Proclaimer Blog
Anatomy of a sermon: Day 2
Day 2 I get working on the text. This is when my piece of paper is transformed from a blank sheet, to a colourful working board. I use different colours for different ideas – nothing as spectacular as a colour scheme, but when I look back at a sheet, I like to be able to see whole ideas separate from other whole ideas.
I start – or at least I try to – without help. This is the day when I start working on the text in detail. How do ideas flow? How do conjunctions work? Why is something said the way it is? Why is this word used? How do the various components of the text hang together – all those questions you would expect. And I let each of those amend and check my big idea.
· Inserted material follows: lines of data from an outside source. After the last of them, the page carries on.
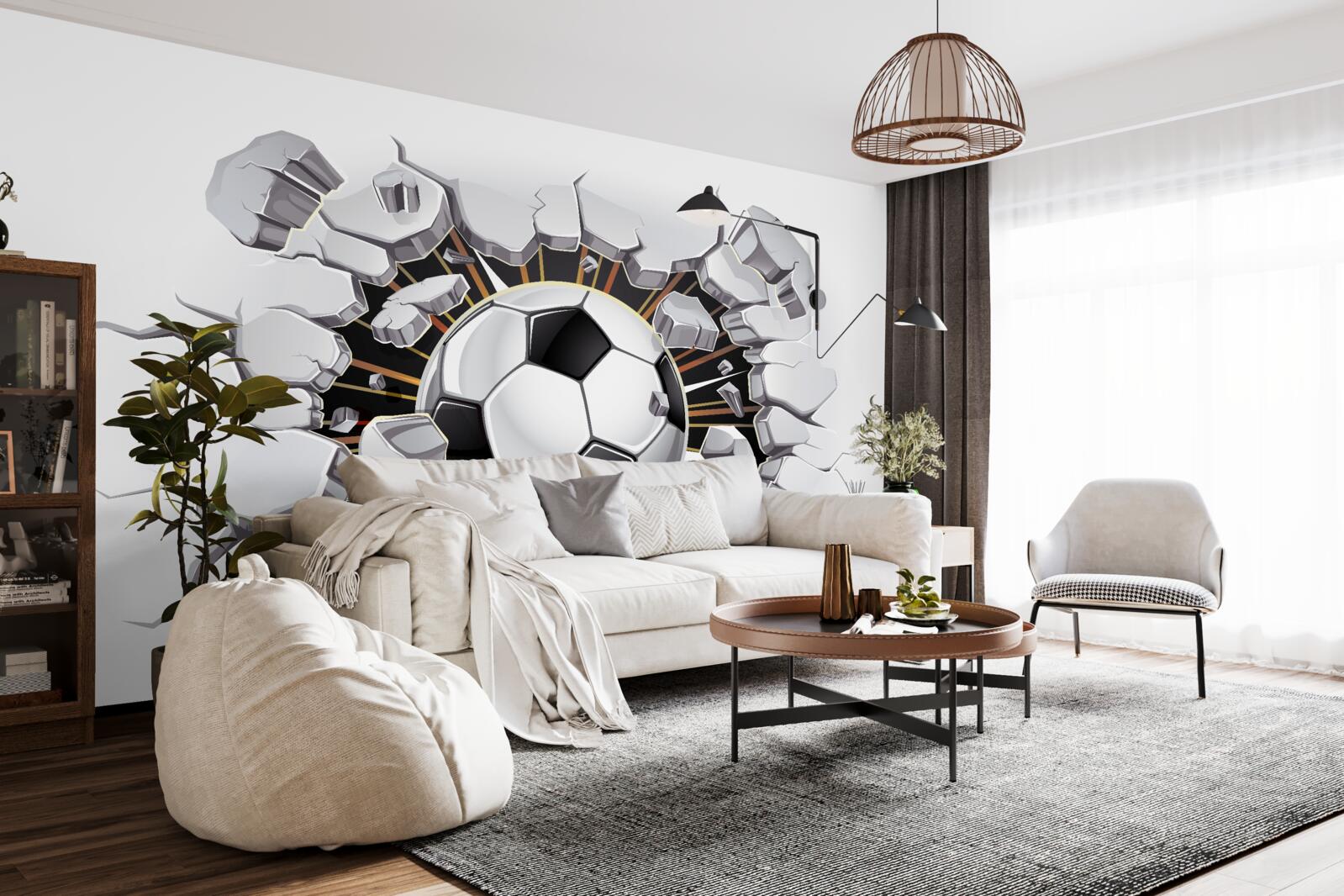 Fotobehang voetbal die door de lucht vliegt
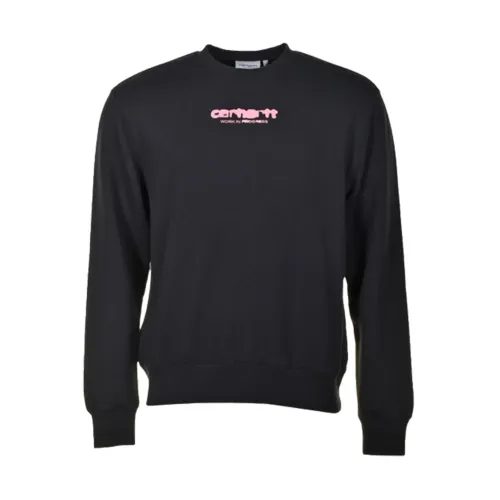 Carhartt Wip , Ink Bleed Black/Pink Stone Washed Sweatshirt ,Black male, Sizes:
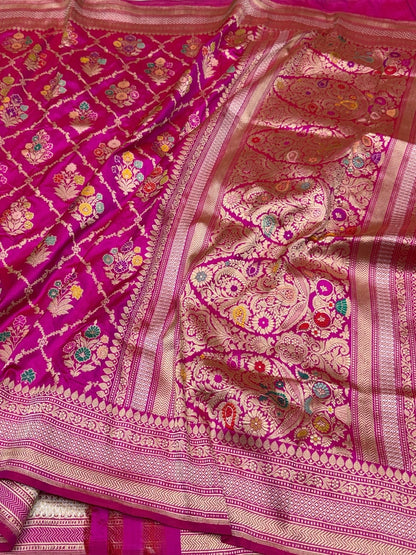 Rani Pink Handwoven Pure Banarasi Silk Saree – Kadwa Weave in 100% Katan Mulberry Silk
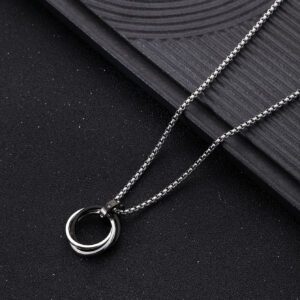 À La Mode Et Populaire 1 pièce Homme Avec Strass Cercle Collier À Pendentif , En Acier Inoxydable Bijou Pour Bijou Cadeau Et Pour A Élégant Look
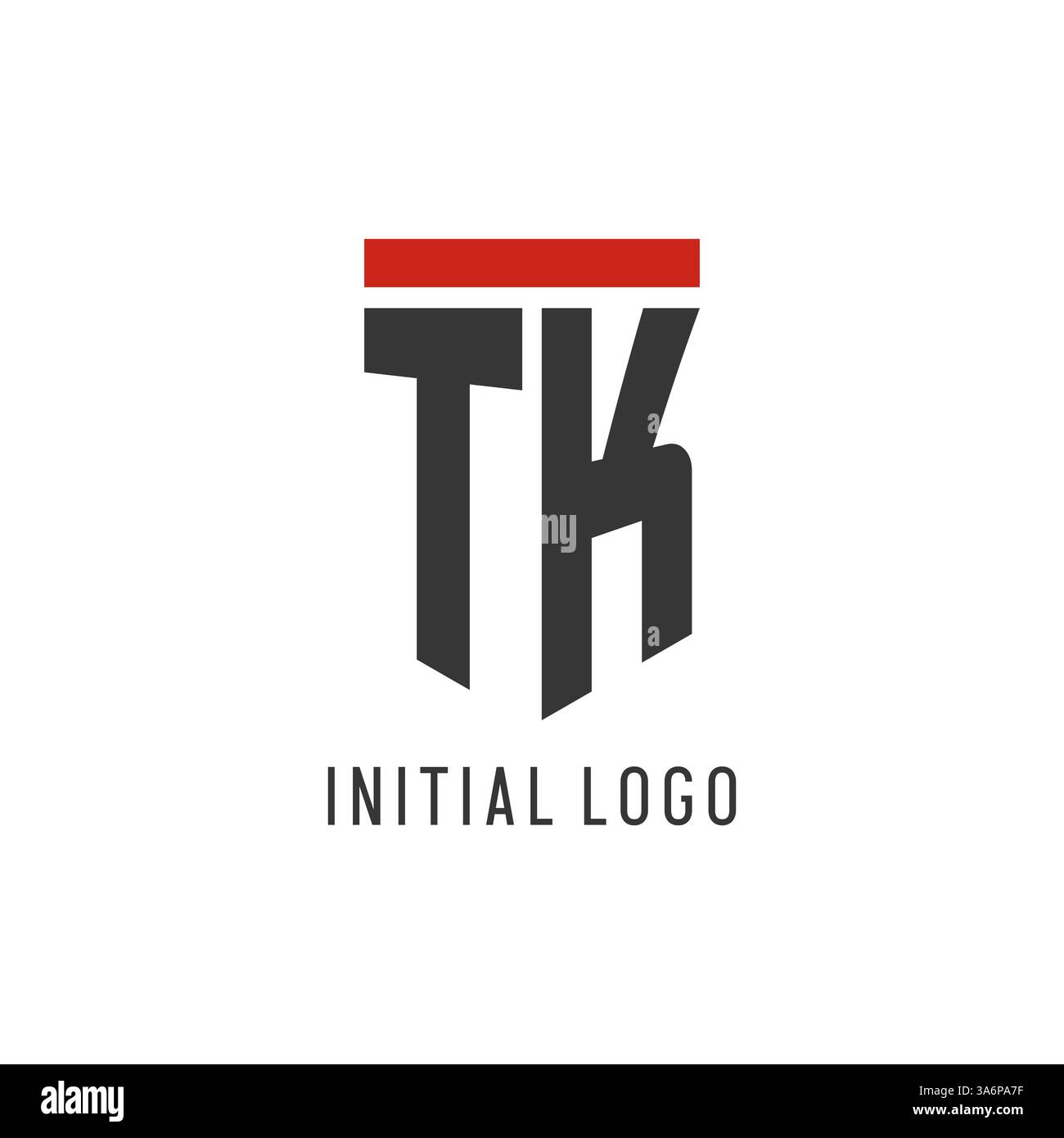 TK initial esport logo with simple shield design style vector graphic Stock Vector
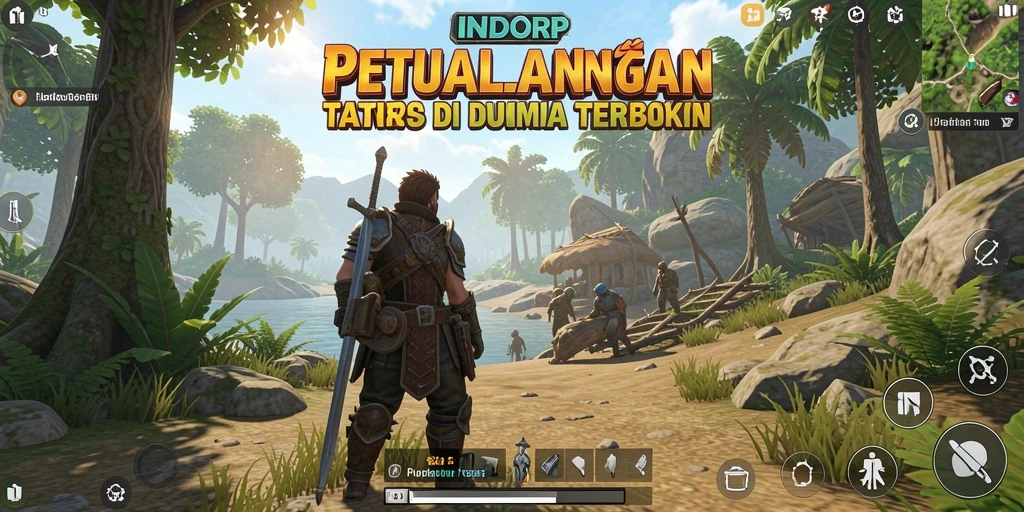 Screenshot permainan INDORP menunjukkan aktivitas eksplorasi dalam dunia terbuka.
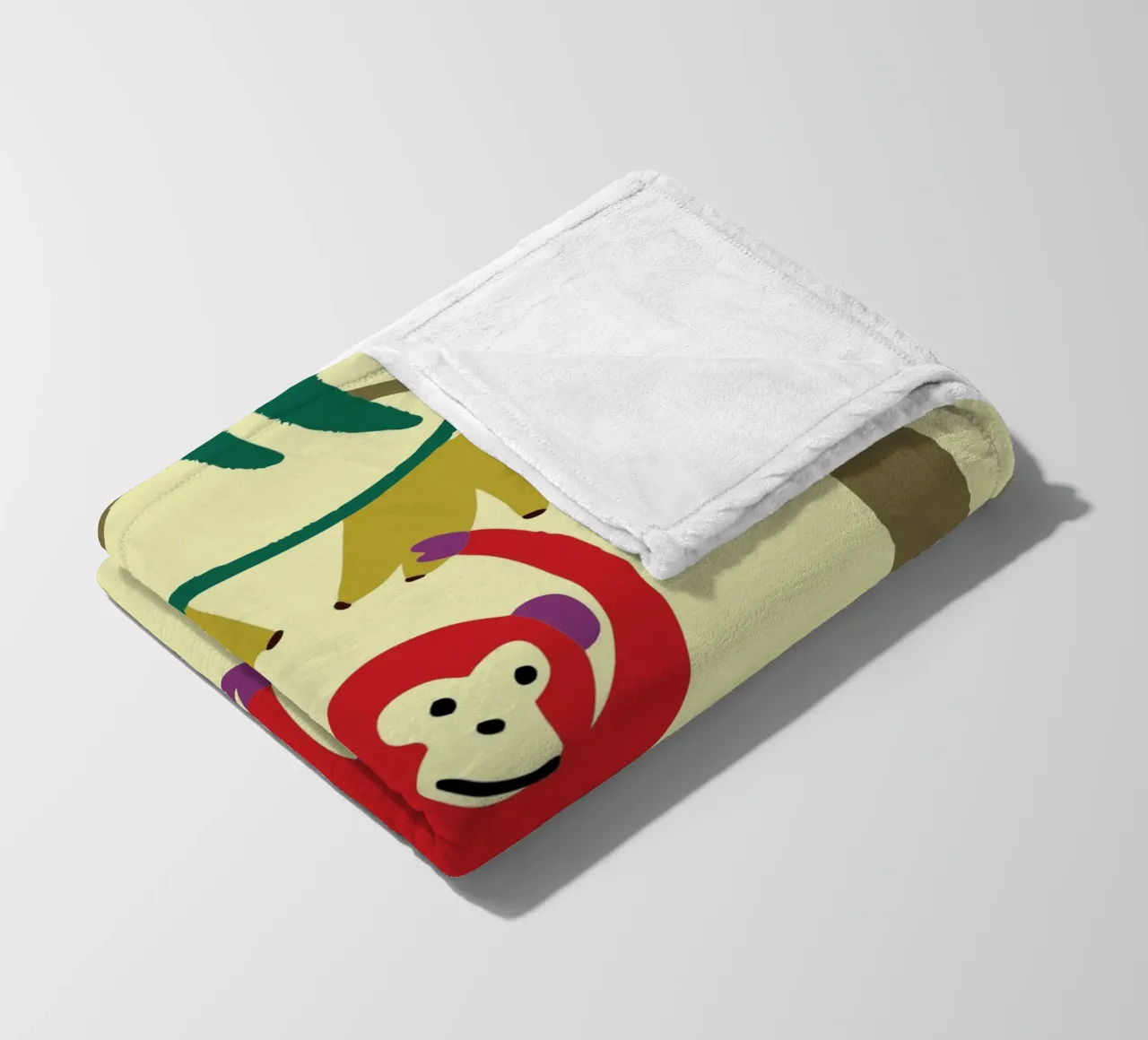La scimmia prende una banana coperta in pile da TRENDY POSTER SHOP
If I get stuck, I try to wrestle with it a bit. If I’m still stuck, I get help. I’m not afraid to do that, my temptation is always to do it too early. I avoid books of sermons or devotional commentaries (too many other people have already heard John Stott’s sermons!). So Tyndale over BST, Pillar over Focus. This isn’t the stage for those kinds of commentaries.
By the end of Day 2 I want to know how the passage works and have both an amended big idea and have begun to ask the question – what’s the passage here for, i.e. original intent. That – inevitably – gets me thinking about my own heart and my own congregation. I don’t want to banish those thoughts completely – they need to start. But neither do I want those to take over just yet.